Bratislava, Eslovaquia. 2:00 AM. Acabábamos de llegar a la capital eslovaca hacía un par de horas. Un viejo autobús de línea nos había dejado en la estación principal de tren de la ciudad, el lugar más mezquino que he visitado. Un edificio de dos plantas con enormes ventanales salpicados de suciedad. No habíamos reservado hotel en la ciudad y la madrugada se nos había echado encima así que decidimos usar la estación como alojamiento gratuito, era la segunda vez que dormíamos en aquel hostel improvisado.
Un ejército de eslovacos ociosos y harapientos sintecho se apostaban en los alrededores de la estación de ferrocarril bebiendo en vasos de plástico un licor que servían en puestos ambulantes cercanos. Discutían, pedían cigarros a los transeúntes y observaban atentamente el trasiego de viajeros. Me recordaron a las rapaces de los documentales de la 2.
El interior de la estación parecía haberse congelado en los años 70. Las paredes presentaban claros síntomas de abandono gubernamental: la pintura agrietada y la suciedad formaban un mosaico de miseria arquitectónica.
El último tren había partido hacia su destino y no quedaban viajeros por la estación. Teníamos que coger un tren por la mañana para viajar a Budapest donde habíamos quedado con unos compañeros de viaje. Decidimos buscar un lugar apartado dentro de la estación para poder dormir unas horas.
Antes de estirar nuestros sacos de dormir y dejar paso a los sueños, fuimos a los servicios de la estación para acicalarnos. El baño se encontraba en la planta baja tras un tramo de escaleras circulares. Éramos dos personas, así que decidimos hacer turnos para vigilar nuestras mochilas.
Entré en segundo lugar a aquel servicio descuidado. Henar, mi compañera de viaje salió horrorizada del escusado, comentando las porquerías que había contemplado en su visita al inodoro. Al entrar corroboré los comentarios de Henar, si la estación estaba descuidada, los baños eran aún más tétricos, la suciedad se acumulaba en las paredes que habían sido escogidas como lienzos por los grafiteros locales.
Mientras aliviaba mis necesidades corporales comencé a entonar una cancioncilla infantil. Llegó a mis oídos un hilo de voz que imitaba torpemente mi canción en un idioma improvisado sobre la marcha. Miré hacia el origen de la estridente voz y me topé con un corpulento tipo rubio con cara de abrir las botellas de cerveza con la cuenca de los ojos.
La cara es el espejo del alma y en el rostro de aquel tipo se reflejaba el mismísimo Al Capone. La masa rubia se había plantado en el centro de la puerta bloqueando la salida. Un letrero rojo comenzó a parpadear en mi cabeza: Warning. Desde luego, aquel tipo que no dejaba de mirarme quería algo conmigo y no tenía el aspecto de invitarme a cenar un solomillo.

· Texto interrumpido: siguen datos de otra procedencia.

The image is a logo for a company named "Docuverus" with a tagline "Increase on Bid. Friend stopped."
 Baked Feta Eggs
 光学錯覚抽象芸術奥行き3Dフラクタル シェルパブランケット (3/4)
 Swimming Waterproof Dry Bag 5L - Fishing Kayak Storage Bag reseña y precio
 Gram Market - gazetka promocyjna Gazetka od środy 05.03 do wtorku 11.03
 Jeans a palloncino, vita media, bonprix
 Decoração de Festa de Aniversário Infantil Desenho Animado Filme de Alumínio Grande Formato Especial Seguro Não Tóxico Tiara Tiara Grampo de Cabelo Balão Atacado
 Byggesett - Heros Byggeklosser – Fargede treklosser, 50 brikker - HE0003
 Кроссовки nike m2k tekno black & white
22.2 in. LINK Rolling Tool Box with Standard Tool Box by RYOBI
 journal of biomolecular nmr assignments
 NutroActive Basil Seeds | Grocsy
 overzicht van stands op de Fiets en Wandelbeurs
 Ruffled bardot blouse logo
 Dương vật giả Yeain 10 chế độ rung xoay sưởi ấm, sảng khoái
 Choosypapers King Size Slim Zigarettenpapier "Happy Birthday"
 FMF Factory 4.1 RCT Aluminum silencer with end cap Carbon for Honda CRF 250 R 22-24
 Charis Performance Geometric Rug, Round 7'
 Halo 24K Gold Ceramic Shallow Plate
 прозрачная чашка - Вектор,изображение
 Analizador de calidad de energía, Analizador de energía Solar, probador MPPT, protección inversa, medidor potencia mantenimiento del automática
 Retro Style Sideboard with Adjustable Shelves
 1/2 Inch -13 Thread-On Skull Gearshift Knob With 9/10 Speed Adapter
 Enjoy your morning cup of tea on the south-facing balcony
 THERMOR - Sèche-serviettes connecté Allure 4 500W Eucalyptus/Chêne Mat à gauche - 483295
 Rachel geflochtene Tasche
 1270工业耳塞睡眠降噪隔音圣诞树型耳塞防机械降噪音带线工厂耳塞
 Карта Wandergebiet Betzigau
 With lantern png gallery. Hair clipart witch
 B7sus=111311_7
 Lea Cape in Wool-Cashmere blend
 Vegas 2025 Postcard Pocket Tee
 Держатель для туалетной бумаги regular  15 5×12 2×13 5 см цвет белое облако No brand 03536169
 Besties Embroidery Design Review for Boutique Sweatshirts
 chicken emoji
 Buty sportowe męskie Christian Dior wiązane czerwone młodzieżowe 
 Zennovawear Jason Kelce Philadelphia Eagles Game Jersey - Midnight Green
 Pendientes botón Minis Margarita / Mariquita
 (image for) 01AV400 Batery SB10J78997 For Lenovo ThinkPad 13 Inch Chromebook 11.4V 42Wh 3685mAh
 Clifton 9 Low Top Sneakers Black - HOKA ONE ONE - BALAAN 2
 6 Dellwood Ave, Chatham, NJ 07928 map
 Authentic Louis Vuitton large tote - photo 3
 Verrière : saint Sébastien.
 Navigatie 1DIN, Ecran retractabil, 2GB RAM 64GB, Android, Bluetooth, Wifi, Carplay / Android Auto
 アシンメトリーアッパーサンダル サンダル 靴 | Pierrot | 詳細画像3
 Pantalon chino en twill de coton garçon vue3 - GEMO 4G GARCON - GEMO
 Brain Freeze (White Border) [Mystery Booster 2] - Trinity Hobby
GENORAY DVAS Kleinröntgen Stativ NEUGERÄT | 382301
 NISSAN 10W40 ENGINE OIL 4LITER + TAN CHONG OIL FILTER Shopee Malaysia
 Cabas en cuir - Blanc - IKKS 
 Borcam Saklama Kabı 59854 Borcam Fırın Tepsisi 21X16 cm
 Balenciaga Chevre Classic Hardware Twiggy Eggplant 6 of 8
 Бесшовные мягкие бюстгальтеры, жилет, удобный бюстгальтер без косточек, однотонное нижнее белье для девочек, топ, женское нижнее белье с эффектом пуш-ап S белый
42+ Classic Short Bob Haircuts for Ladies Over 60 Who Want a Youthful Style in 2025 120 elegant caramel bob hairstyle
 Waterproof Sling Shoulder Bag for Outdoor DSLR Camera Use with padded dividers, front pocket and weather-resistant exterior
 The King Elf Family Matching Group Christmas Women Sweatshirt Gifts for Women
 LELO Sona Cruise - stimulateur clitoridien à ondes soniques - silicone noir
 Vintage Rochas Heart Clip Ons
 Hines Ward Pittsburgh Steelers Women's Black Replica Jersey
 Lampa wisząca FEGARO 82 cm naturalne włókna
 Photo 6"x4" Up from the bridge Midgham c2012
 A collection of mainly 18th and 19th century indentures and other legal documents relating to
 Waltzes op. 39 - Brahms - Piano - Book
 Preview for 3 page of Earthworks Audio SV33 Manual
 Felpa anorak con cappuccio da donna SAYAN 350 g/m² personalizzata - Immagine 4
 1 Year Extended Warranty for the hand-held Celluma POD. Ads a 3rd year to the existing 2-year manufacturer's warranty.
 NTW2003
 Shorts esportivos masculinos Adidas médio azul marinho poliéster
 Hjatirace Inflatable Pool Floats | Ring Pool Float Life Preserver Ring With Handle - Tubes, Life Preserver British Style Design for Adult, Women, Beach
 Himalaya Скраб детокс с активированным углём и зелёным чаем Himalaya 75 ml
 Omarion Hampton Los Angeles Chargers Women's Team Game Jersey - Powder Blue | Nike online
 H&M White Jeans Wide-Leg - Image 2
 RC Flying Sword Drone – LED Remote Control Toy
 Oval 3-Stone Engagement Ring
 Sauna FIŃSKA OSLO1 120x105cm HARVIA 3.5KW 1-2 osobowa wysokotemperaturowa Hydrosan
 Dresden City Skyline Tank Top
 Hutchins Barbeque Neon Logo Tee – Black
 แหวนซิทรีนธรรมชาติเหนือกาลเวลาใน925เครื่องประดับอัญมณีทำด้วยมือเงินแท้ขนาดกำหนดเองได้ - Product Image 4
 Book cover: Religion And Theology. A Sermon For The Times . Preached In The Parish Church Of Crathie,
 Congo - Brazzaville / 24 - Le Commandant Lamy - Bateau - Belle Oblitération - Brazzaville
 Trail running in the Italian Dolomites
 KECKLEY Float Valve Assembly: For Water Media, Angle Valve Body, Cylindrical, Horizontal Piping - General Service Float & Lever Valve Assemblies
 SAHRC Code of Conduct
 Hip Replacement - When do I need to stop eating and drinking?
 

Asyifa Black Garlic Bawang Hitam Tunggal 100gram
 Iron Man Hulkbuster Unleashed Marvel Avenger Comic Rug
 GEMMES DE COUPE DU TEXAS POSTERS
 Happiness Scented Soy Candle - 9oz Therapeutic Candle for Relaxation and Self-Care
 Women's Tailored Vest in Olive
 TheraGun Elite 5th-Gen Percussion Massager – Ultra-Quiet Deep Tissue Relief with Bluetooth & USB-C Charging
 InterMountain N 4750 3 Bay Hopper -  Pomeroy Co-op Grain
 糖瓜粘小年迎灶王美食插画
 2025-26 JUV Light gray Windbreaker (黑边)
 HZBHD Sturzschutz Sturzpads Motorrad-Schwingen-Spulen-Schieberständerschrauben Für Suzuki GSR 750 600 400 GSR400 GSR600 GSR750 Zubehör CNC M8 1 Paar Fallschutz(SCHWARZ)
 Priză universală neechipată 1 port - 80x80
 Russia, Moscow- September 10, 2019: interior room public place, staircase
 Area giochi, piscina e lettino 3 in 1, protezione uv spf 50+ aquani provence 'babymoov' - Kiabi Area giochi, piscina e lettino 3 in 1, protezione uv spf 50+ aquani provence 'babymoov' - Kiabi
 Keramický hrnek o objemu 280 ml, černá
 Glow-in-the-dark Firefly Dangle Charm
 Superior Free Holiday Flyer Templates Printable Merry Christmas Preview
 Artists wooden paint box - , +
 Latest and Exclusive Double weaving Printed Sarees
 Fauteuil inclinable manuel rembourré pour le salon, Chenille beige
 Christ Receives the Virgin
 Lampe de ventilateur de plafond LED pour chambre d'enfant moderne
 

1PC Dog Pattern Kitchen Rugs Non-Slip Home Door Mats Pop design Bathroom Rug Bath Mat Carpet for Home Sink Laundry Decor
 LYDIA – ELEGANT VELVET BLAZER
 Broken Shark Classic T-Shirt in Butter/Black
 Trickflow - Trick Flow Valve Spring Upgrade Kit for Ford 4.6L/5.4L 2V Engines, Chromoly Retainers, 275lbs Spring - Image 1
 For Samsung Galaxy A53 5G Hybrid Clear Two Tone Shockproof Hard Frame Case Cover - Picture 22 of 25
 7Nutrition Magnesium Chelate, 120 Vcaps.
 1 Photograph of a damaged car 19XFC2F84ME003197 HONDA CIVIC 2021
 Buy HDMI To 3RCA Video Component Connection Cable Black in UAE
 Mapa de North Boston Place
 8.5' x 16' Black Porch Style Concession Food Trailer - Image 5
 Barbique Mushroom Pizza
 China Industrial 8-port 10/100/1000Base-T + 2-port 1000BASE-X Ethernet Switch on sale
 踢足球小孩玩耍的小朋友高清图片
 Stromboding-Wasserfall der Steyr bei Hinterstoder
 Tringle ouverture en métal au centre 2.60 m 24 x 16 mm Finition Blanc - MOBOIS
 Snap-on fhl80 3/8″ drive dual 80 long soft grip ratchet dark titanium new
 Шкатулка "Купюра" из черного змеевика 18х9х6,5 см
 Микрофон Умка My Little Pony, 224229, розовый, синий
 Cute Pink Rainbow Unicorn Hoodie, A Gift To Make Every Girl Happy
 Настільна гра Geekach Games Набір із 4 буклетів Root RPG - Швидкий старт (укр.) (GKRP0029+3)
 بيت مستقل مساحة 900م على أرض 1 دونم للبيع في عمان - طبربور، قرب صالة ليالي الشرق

Me planté frente al capo siciliano para tratar de escurrirme hasta la salida pero el tipo no tenía ninguna intención de moverse. Me desplacé hasta un lateral y el tipo hizo un movimiento hacia la misma dirección.
De pronto, escuché un golpe seco en el suelo, como si se hubiese caído una figura de plomo. Era una pistola. Al mafioso rubio se le había caído un cañón al tratar de cerrarme la salida. Observé la pistola y acto seguido miré al tipo rubio que no había apartado la mirada de mí.
Comencé a arrugarme como un pimiento verde pasado. Una explosión de preguntas se paseaban por mi mente: ¿Qué hago? ¿Cojo la pistola? ¿Apunto al mafioso con el cañón? ¿La recojo y se la doy?, Tierra trágame. Me entró en pánico. Me hice tan pequeño que me podría haber sentado sobre la empuñadura del arma y mis piernas no habrían tocado el suelo. Me vi con un disparo en el pecho en una ciudad en la que no hablan mi lengua.
El pandillero rubio se agachó lentamente para recoger su arma sin dejar me mirarme fijamente. Guardó su pistola en la cintura y se apartó hacia un lado despejando la puerta de salida. Tal como vino la amenaza, se fue. Mantuve la compostura el tiempo justo hasta desaparecer del baño para salir corriendo después. Recogí las maletas y dije a Henar que me siguiera rápidamente.
En la estación de tren había una comisaría pero no había nadie, o al menos, no encontré una puerta abierta. Sin posibilidad de huir de la estación no nos quedó más remedio que hacer de tripas corazón y tratar de dormir en una esquina confiando en que el rubio no volviera a aparecer. No lo hizo, sin embargo no pude pegar ojo en toda la noche deseando de ver trenes y viajeros por la estación.
A la mañana siguiente cogimos el tren para Budapest. Dentro de lo que cabe, todo había terminado bien y ya tenía una nueva anécdota que contar.